▶ Source records:
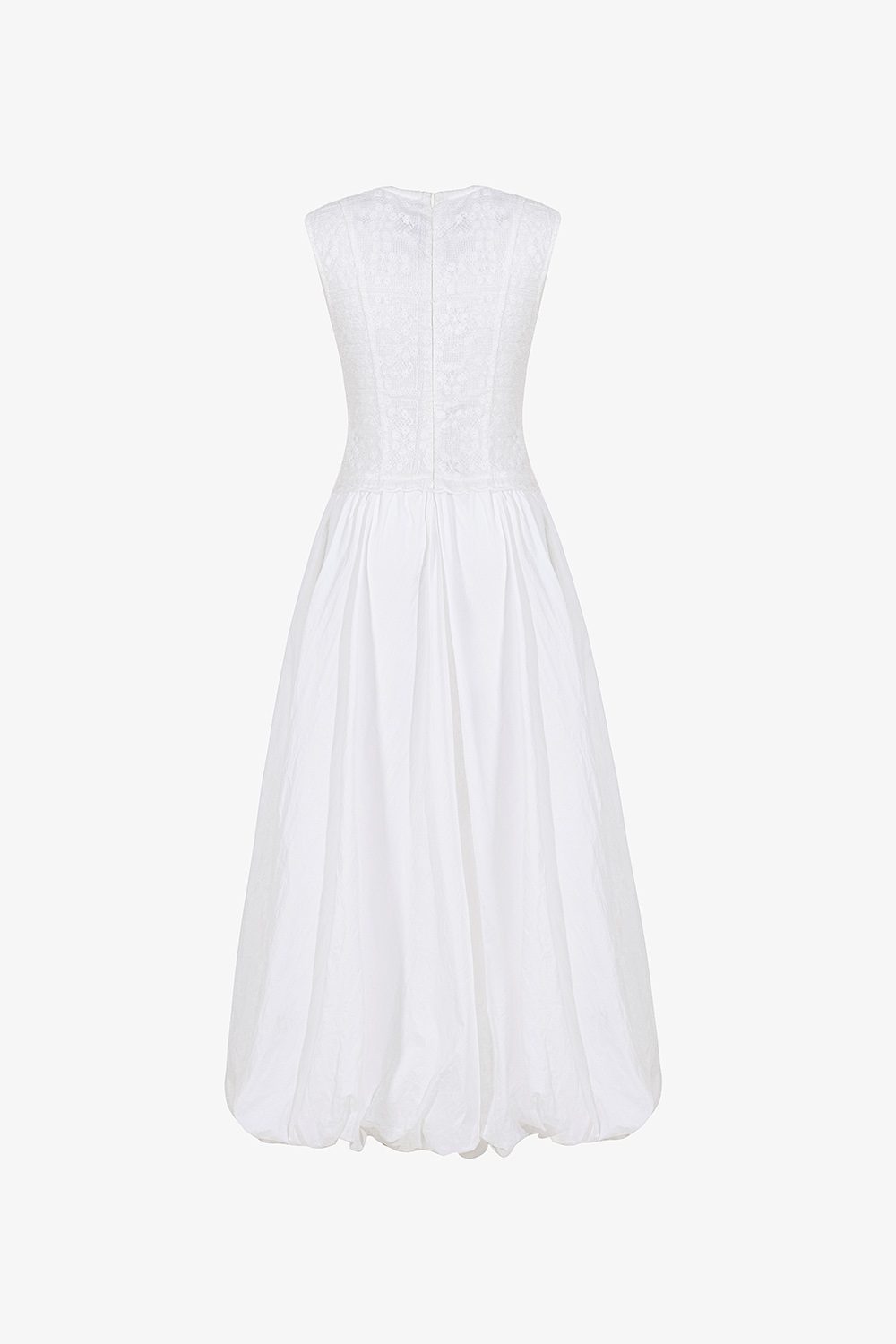 Đầm bí ren phối popline màu trắng sát nách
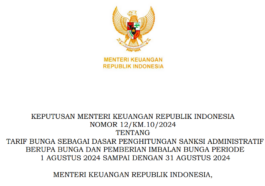 Tarif Bunga Sanksi Administratif Pajak Periode Agustus 2024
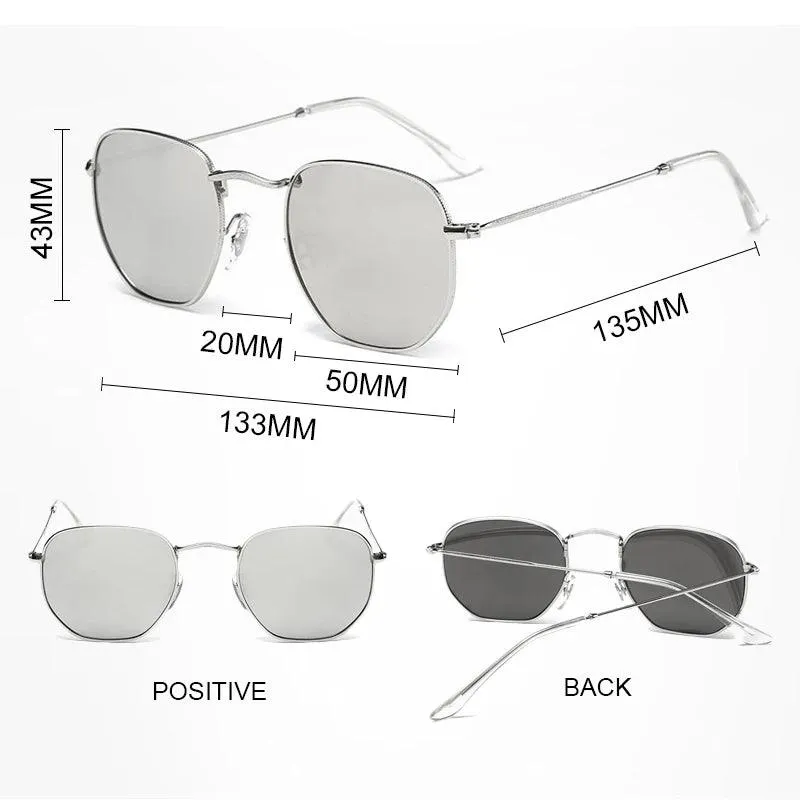 Chic Hexagonal Sunglasses with UV Protection and Timeless Style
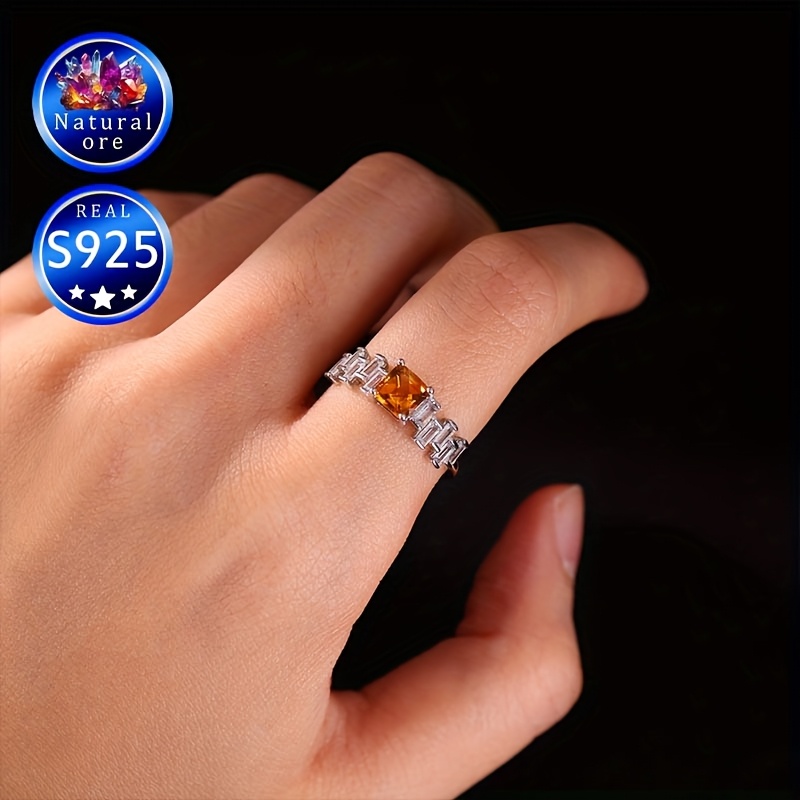 S925 Silver Yellow Gemstone Ring in Gift Box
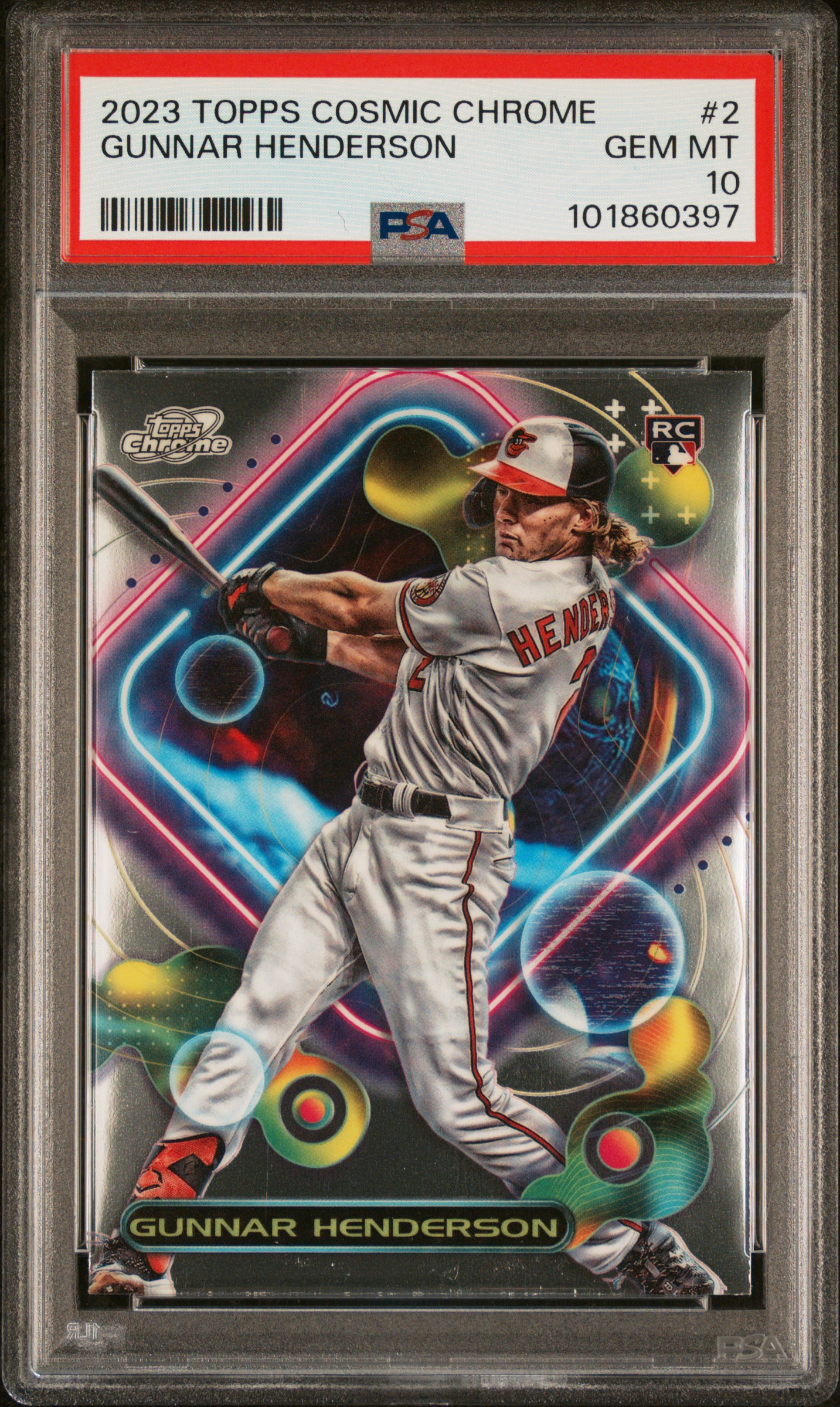 2023 Topps Cosmic Chrome Gunnar Henderson #2 Gem Mt 10 front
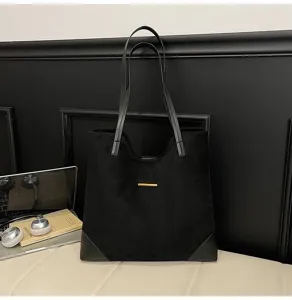 Black suede tote bag for women, large capacity casual shoulder bag and commute handbag.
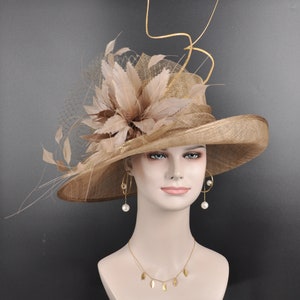 Church Kentucky Derby Hat Carriage Tea Party Wedding  Jumbo Feather Flowers and Ostrich  Quills (Taupe+ more colors)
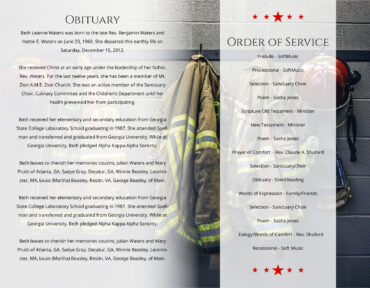 Funeral Memorial Program PrePrinted Shell Folder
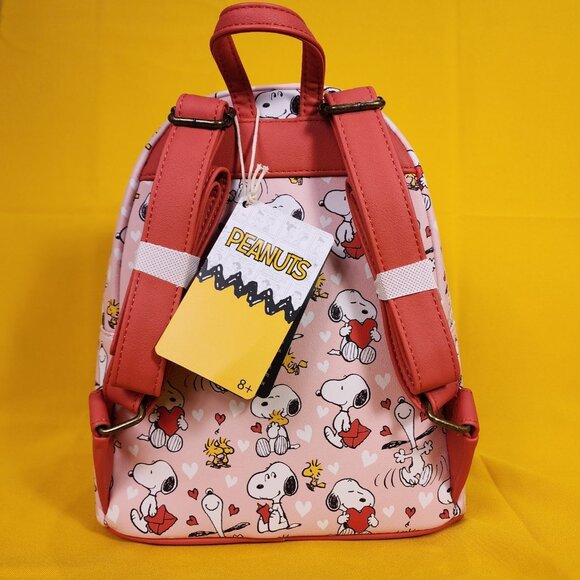 Loungefly Peanuts Snoopy & Woodstock Valentine\'s Day Heart AOP Mini Backpack NEW main image 6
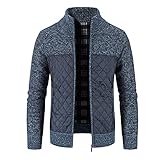 Chejarity Herren Strickjacke Stehkragen Herbst Winter Slim Fit Freizeitjacke Basic Männer Kapuzenpulli Feinstrick Sweatjacke Langarm Fleece-Innenseite Kapuzenjack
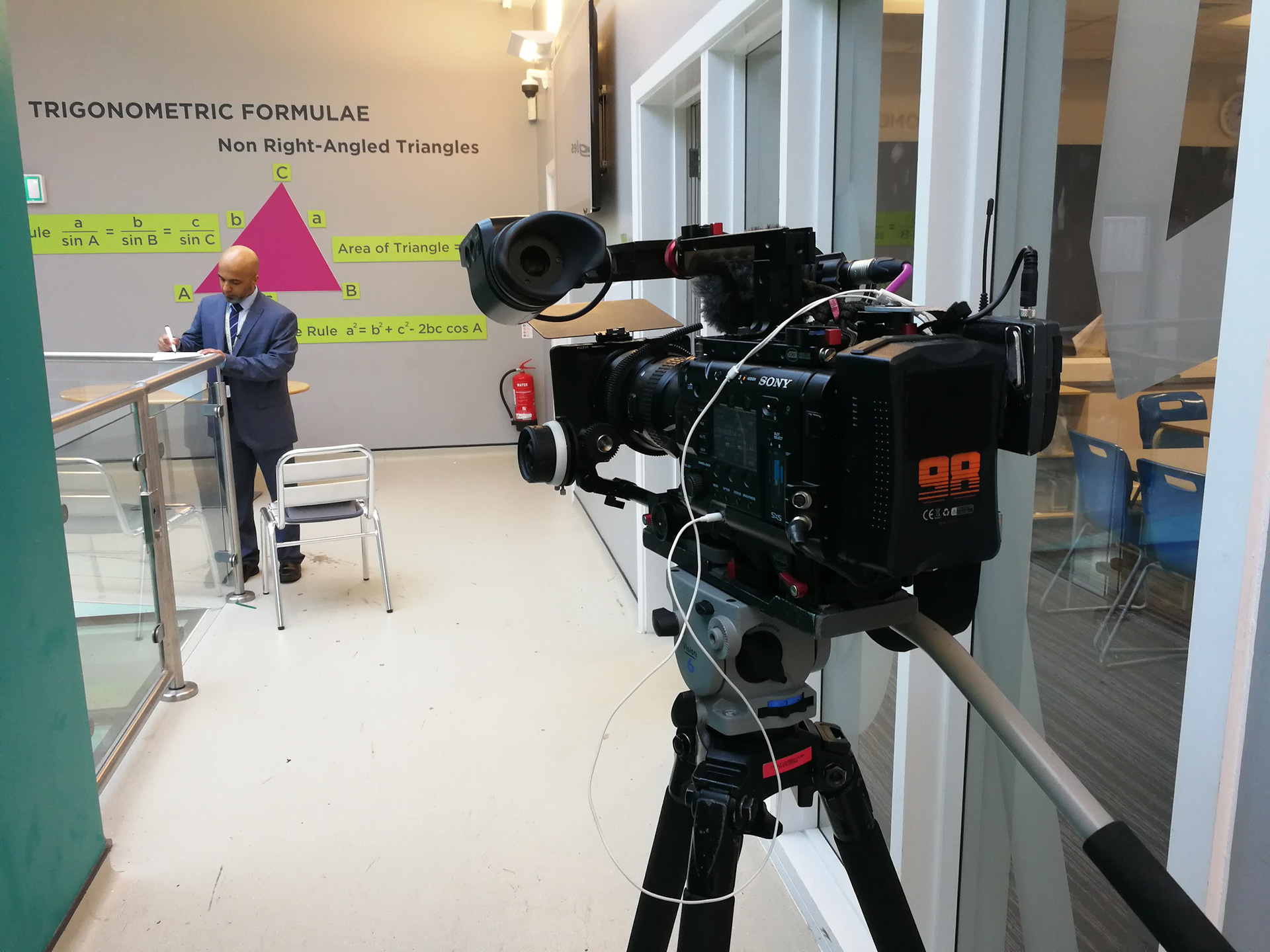 Setting up for a piece to camera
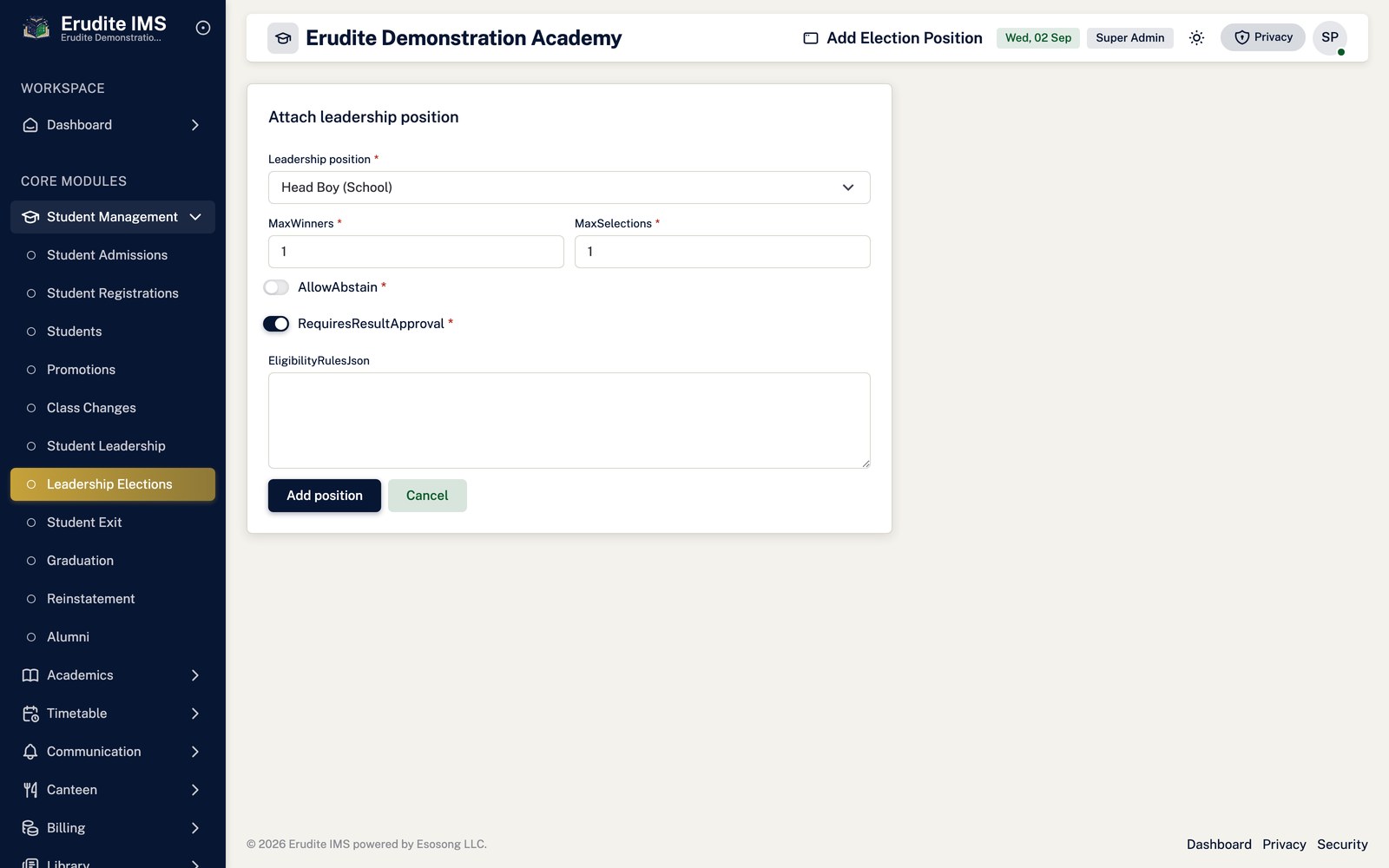 Student Leadership Elections add position screen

▶ What is being asked: Will you repeat the material above, but only from the line containing "Black suede tote" through its last line, exactly and without the pictures?

▶ Solution for this exercise:
 Black suede tote bag for women, large capacity casual shoulder bag and commute handbag.
 Church Kentucky Derby Hat Carriage Tea Party Wedding  Jumbo Feather Flowers and Ostrich  Quills (Taupe+ more colors)
 Funeral Memorial Program PrePrinted Shell Folder
 Loungefly Peanuts Snoopy & Woodstock Valentine\'s Day Heart AOP Mini Backpack NEW main image 6
 Chejarity Herren Strickjacke Stehkragen Herbst Winter Slim Fit Freizeitjacke Basic Männer Kapuzenpulli Feinstrick Sweatjacke Langarm Fleece-Innenseite Kapuzenjack
 Setting up for a piece to camera
 Student Leadership Elections add position screen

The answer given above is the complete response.